One economic downturn reality beginning to reveal itself: an emphasis on local.
Peggy Noonan in Friday’s Wall Street Journal:
Dynamism has been leached from our system for now, but not from the human brain or heart. Just as our political regeneration will happen locally, in counties and states that learn how to control themselves and demonstrate how to govern effectively in a time of limits, so will our economic regeneration. That will begin in someone’s garage, somebody’s kitchen, as it did in the case of Messrs. Jobs and Wozniak. The comeback will be from the ground up and will start with innovation. No one trusts big anymore. In the future everything will be local. That’s where the magic will be. And no amount of pessimism will stop it once it starts.
There’s a trust composed of transparity at the local level.
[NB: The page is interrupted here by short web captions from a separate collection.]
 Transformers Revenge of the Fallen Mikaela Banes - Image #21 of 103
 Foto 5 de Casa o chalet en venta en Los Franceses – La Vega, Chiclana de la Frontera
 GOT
A comfort level that can’t be found elsewhere. Relationships are more familiar. Business goings on clearer. At at time when comfort is at a premium, local just feels better.
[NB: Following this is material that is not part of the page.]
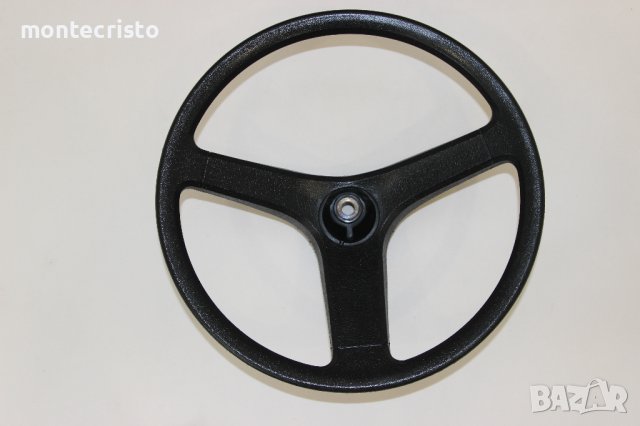 Волан Ford Transit MK2 (1978-1983г.) Форд Транзит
Implications for health care delivery are yet to be discovered (there is one nationally integrated system, but some are close, which very well could be positive). Concerns could also arise, possibly regarding national expansion plans or organizational motivations. We’ve yet to discover how big is too big in health care delivery (except for maybe this place).
An emphasis on local could certainly be a welcome development. Shop local campaigns are blossoming. Growing food locally is rising in popularity, eating local too. Health care has almost always been delivered locally; maybe it needs to stay that way. Who better to understand the health care challenges of a community than local delivery organizations?